-- Material for the task --
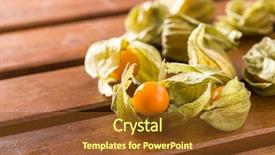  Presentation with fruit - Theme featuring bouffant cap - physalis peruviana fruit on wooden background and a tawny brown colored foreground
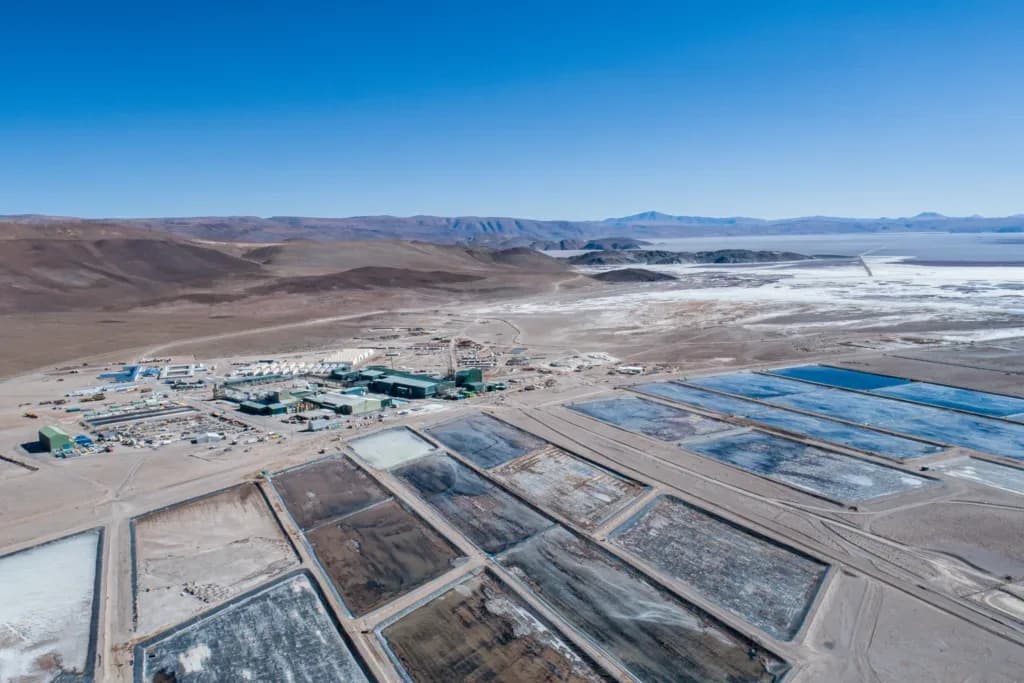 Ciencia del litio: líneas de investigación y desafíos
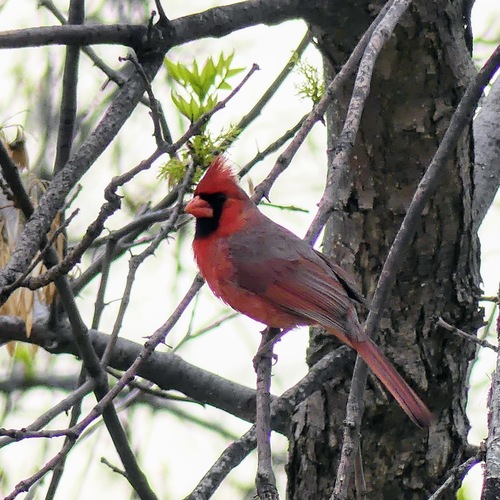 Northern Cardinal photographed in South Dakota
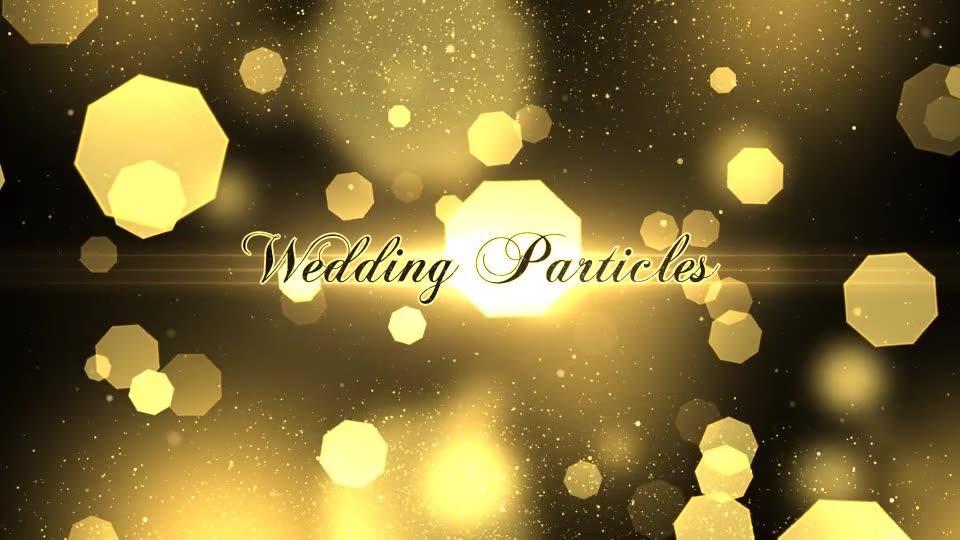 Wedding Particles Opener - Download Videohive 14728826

* * *

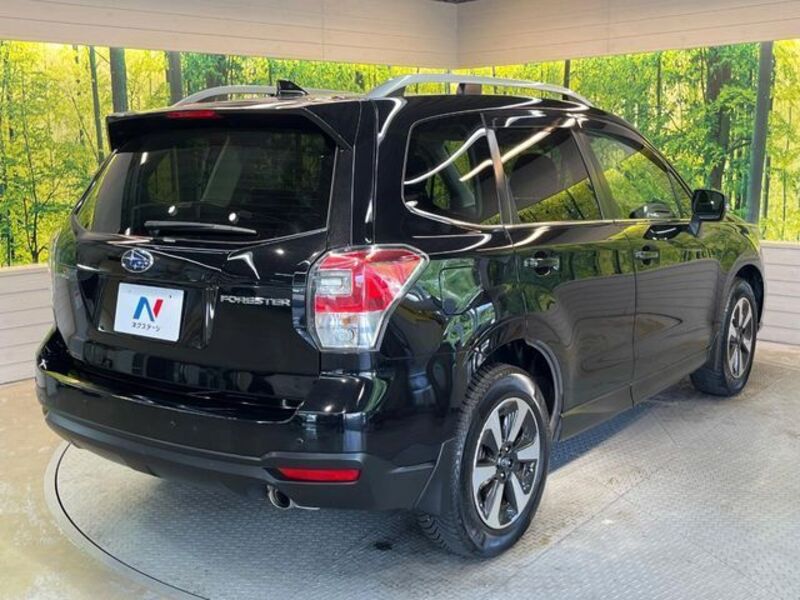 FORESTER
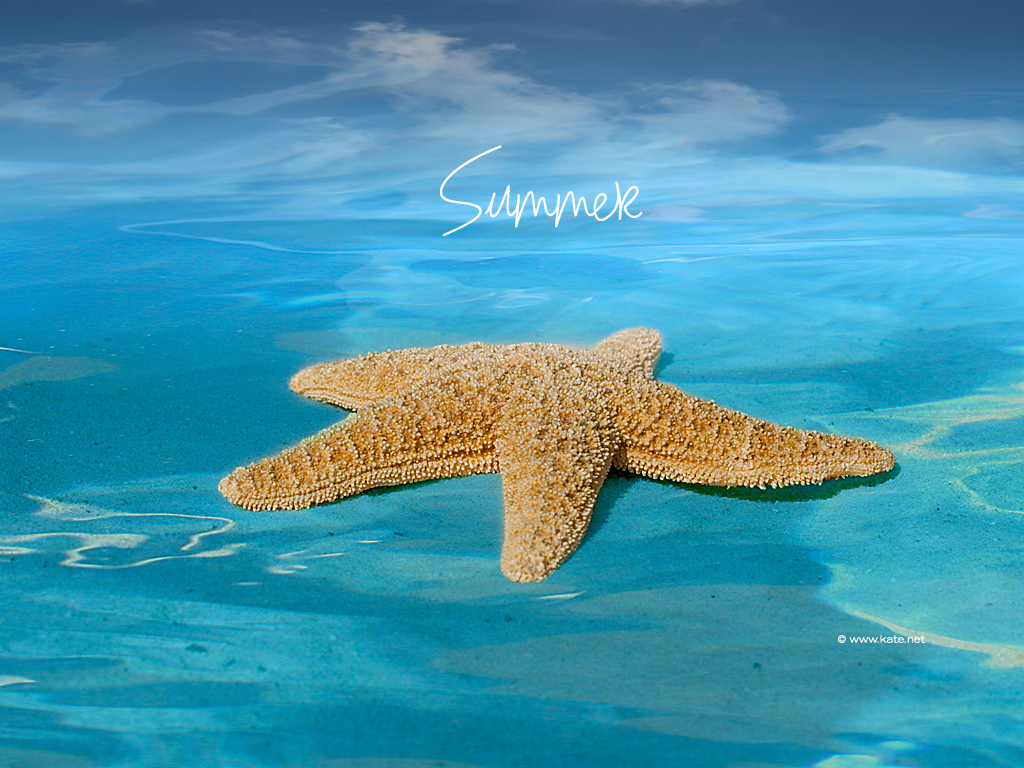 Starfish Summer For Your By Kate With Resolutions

--

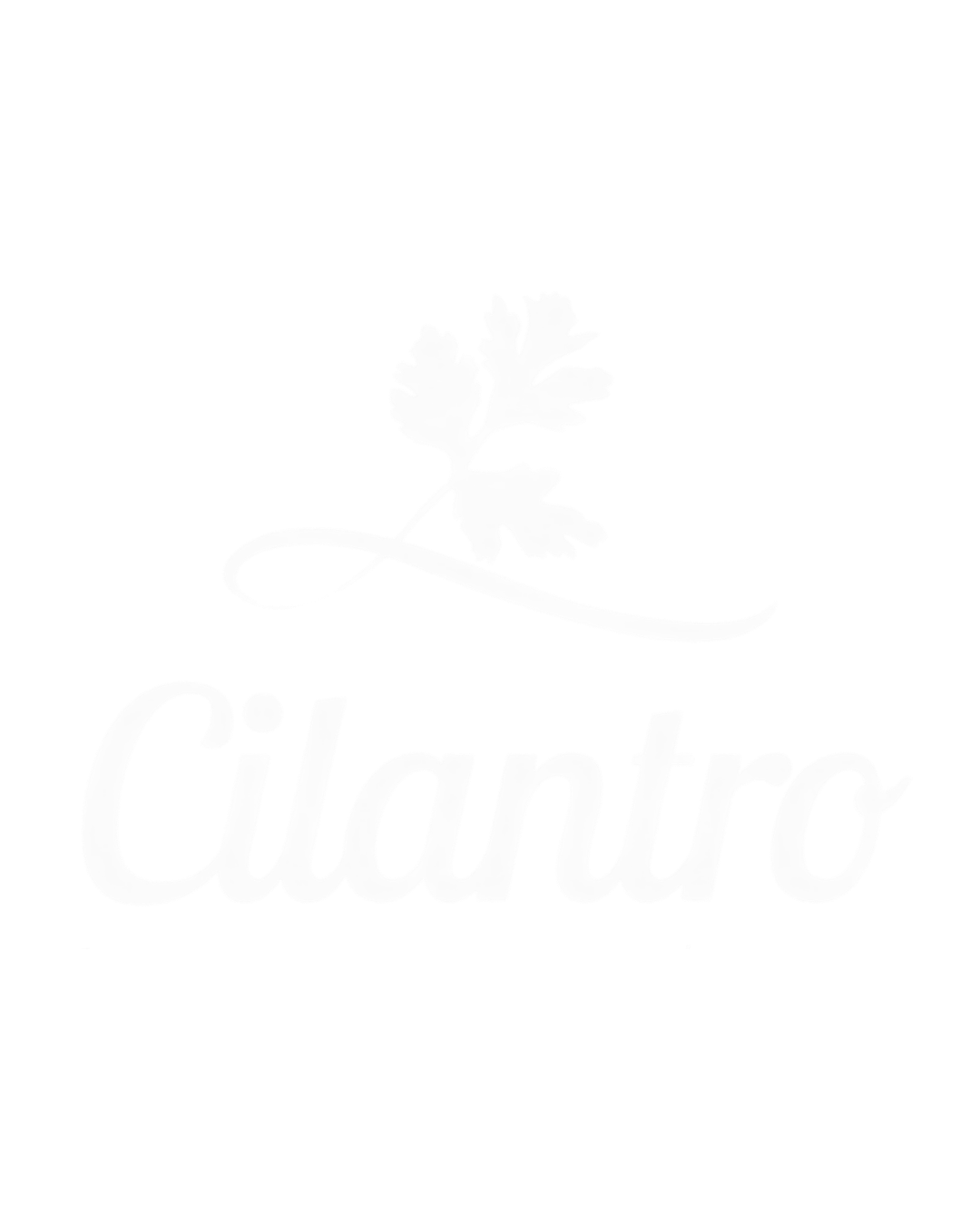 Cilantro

-- Exercise prompt --
Retype, exactly and with no pictures, everything above from the line with "Ciencia del litio: líneas" down to the line with "Wedding Particles Opener", both included.

-- Written response --
 Ciencia del litio: líneas de investigación y desafíos
 Northern Cardinal photographed in South Dakota
 Wedding Particles Opener - Download Videohive 14728826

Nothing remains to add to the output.